2
votes

I am quite new to Caffe and Deep Learning so please bear with my inexperience and naive questions. Now to the point, I want to train GoogleNet using the FER2013 dataset(it consists of faces and it's purpose is to recognise one of the 7 categories the faces fall into). However the data isn't in an image format rather than an array of 48x48=2304 values with each value being between 0 and 255. So in order to create the lmdb files needed to feed the Caffe I wrote the following Python script to transform the arrays into real images.

import numpy as np
from PIL import Image
import csv
import itertools

with open('fer2013.csv', 'rb') as f:
    mycsv = csv.reader(f)
    i=0
    for row in itertools.islice(mycsv, 340):
        data = row[1]
        data = data.split()
        data = map(int, data)
        data = np.array(data)
        im = Image.fromarray(data.reshape((48,48)).astype('uint8')*255)
        directory='imagestotest/'
        path_to_save = directory+"image"+str(i)+".jpg"
        path = "image"+str(i)+".jpg"
        im.save(path_to_save)
        i=i+1
        with open("testset.txt", "a") as myfile:
            myfile.write(path+" "+row[0]+"\n")

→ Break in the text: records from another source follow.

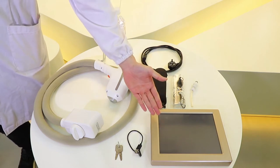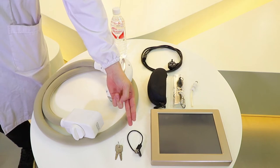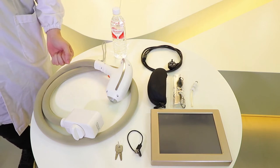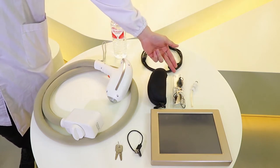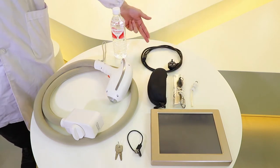This is a removable screen, and this is the connecting cable of the screen and machine. These are the keys, and this is the 1200 handpiece. And this is the protective glasses for the operator, and this is the goggles for the patient. And this is the water outlet, and this is the power line.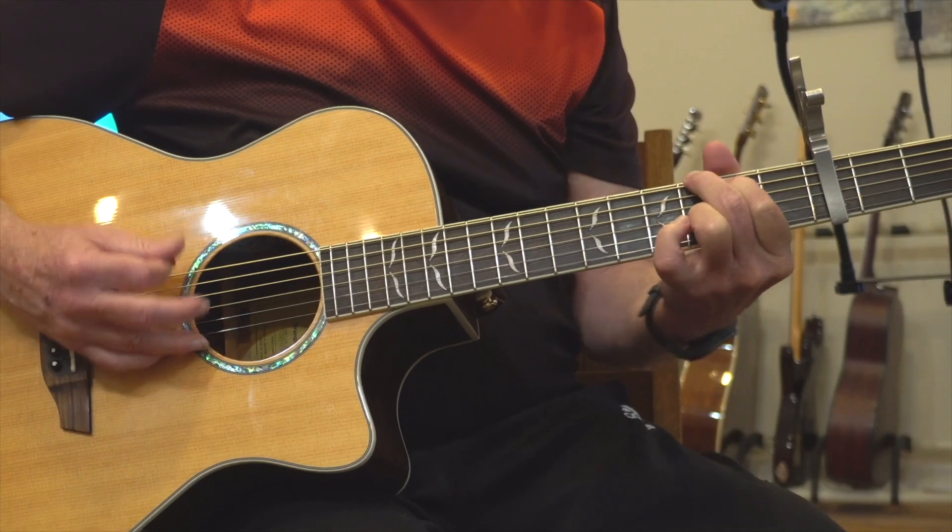You see those upstrokes really kind of are accentuated. So there's two upstrokes. Same pattern when he goes to the minor shape, and two upstrokes in the strumming pattern in between those figures.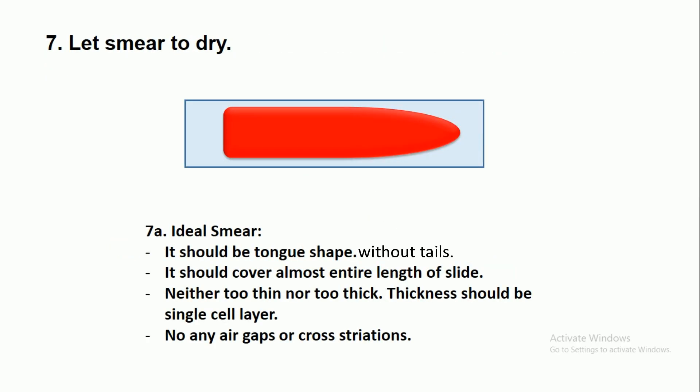After that, let the smear dry. The criteria for an ideal blood smear are: it should be tongue-shaped and cover almost the entire length of the slide; it should be neither too thin nor too thick — thickness should be a single cell layer or uniform throughout; and there should be no air gaps or cross-striations.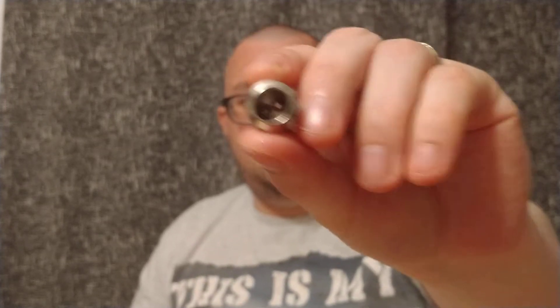You also get a spare coil. As you can see, I've used this quite a bit. You get two coils: you get the M1 Plus, rated 0.16 ohms, recommended at 75 watts. And this is the M Dual — 0.38 ohms, recommended at 80 watts. That's what the coils look like.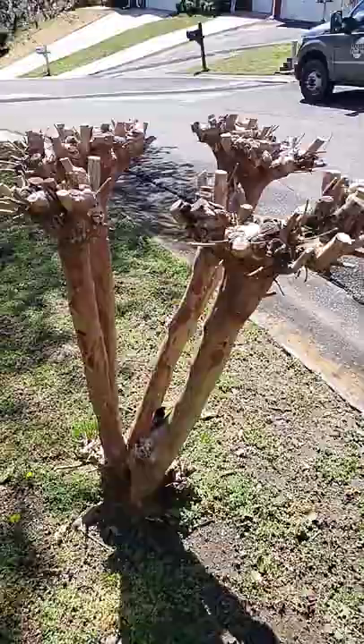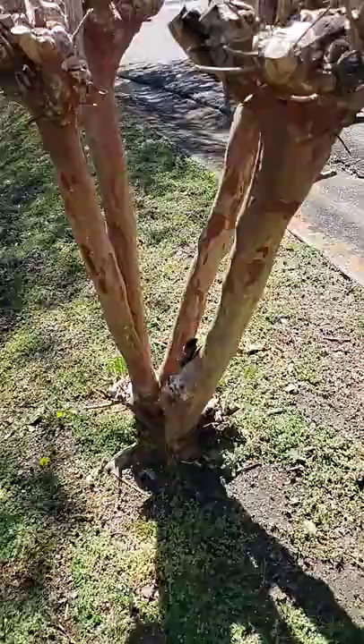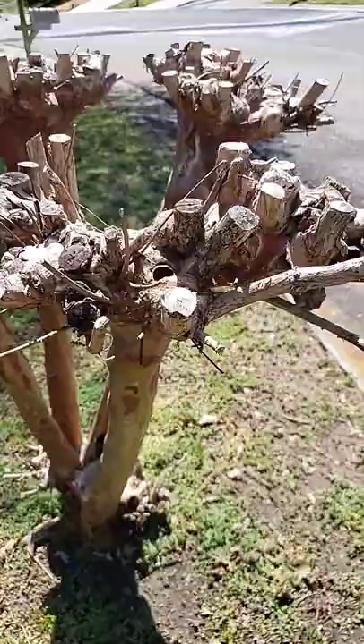What's wrong with just pruning it like a normal tree? Just clean out the crowded branches and get rid of the suckers at the bottom of the plant.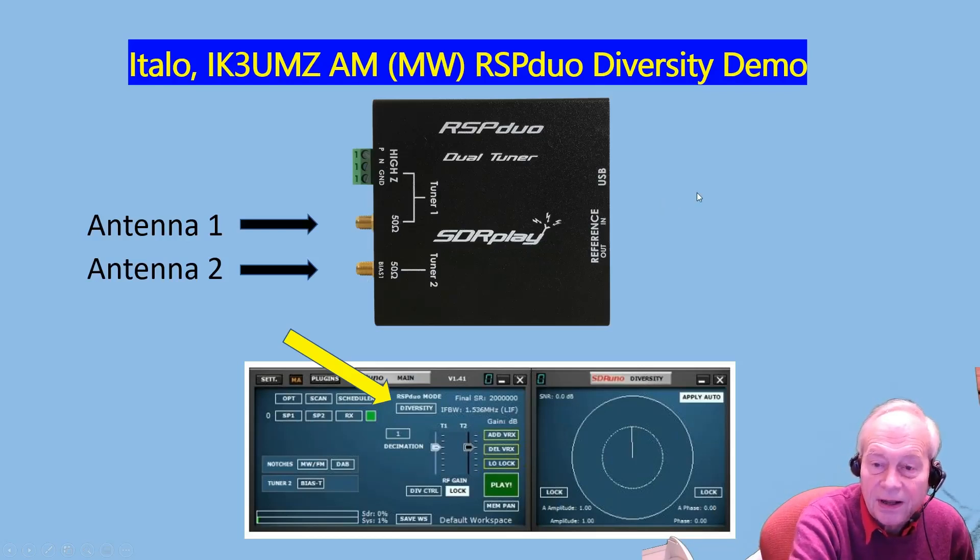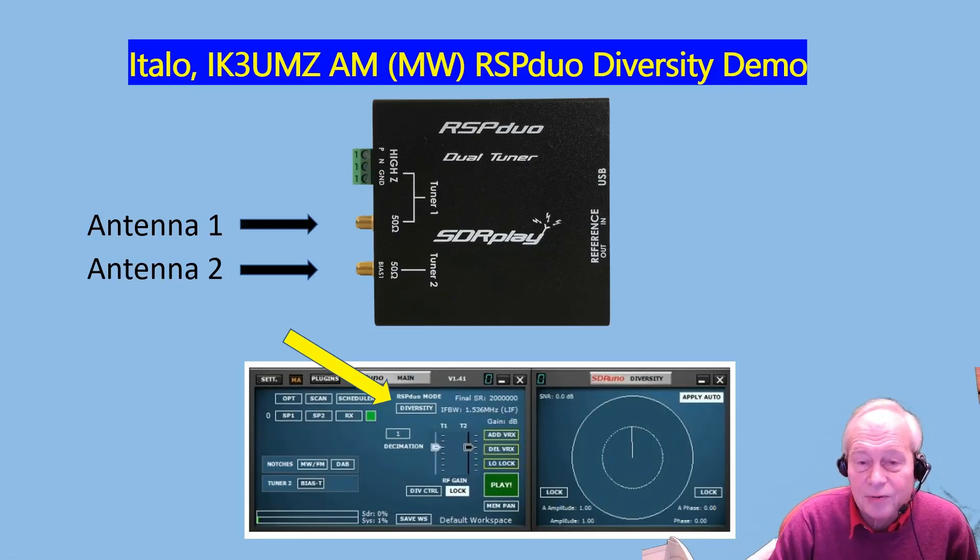The dual tuner RSP Duo takes two independent antenna inputs and presents them phase-aligned to the SDR Uno software, which then supports diversity tuning. We're now going to look at Italo's demo, which shows how by adjusting the phase relationship using the rosette control, Italo is able to select between two medium wave stations transmitting on the same frequency.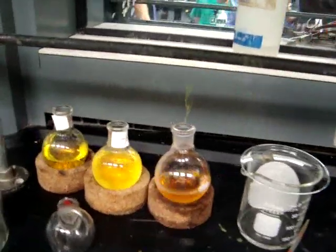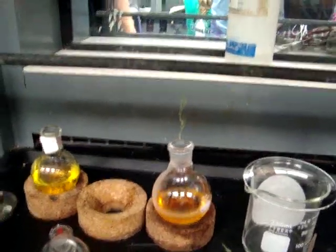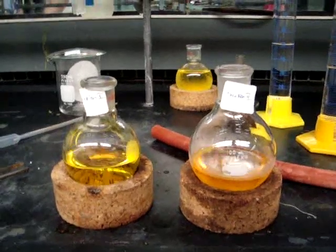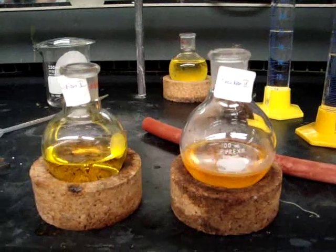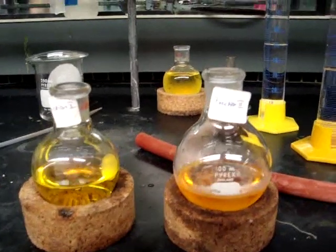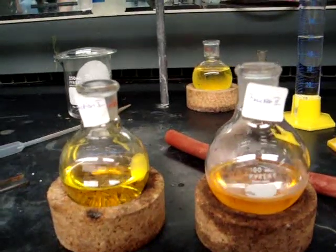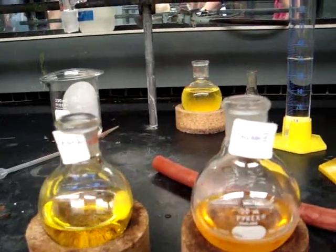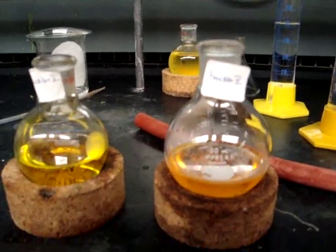As you can see, looking at your two round bottom flasks — the left being the beta carotene and the right being the lycopene — they have retained some of the original color seen on the band. The beta carotene will be a yellow color, and the lycopene will be a red or orange color.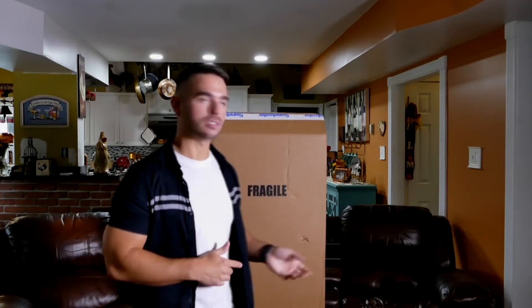All right, so let's start unboxing this new Joe Satriani JS240 OPS. This is a $1,700 model and also has a Sustainiac pickup in there. So let's get to it.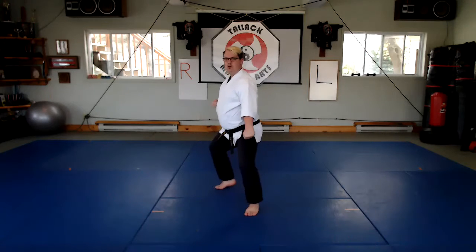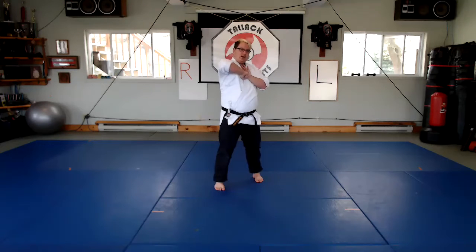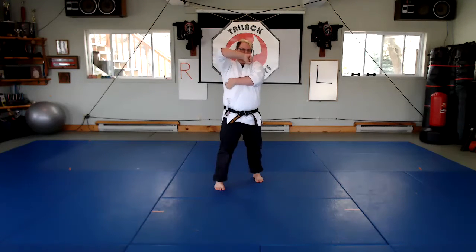Now as a defender, what you're going to do is you're going to step back, lock low, step back, lock high. Now from here, you're going to keep your elbow on the arm, sliding right down the arm into the nerve bundle that is right in the armpit.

I then prepare my lmdb files with the following command

GLOG_logtostderr=1 ./deep-learning/caffe/build/tools/convert_imageset --resize_height=256 --resize_width=256 --shuffle /home/panos/Desktop/images/ /home/panos/Desktop/trainingset.txt /home/panos/Desktop/train_lmdb

Finally, I compute the image_mean, I change the train_val.prototxt and set loss1,loss2,loss3 layers to have num_output=7 (as I have 7 classes, 0-6).

I run my model (training size: 5000 and test size: 340) and the accuracy is rather disappointing, being close to 23%(top-1), 88.8%(top-5).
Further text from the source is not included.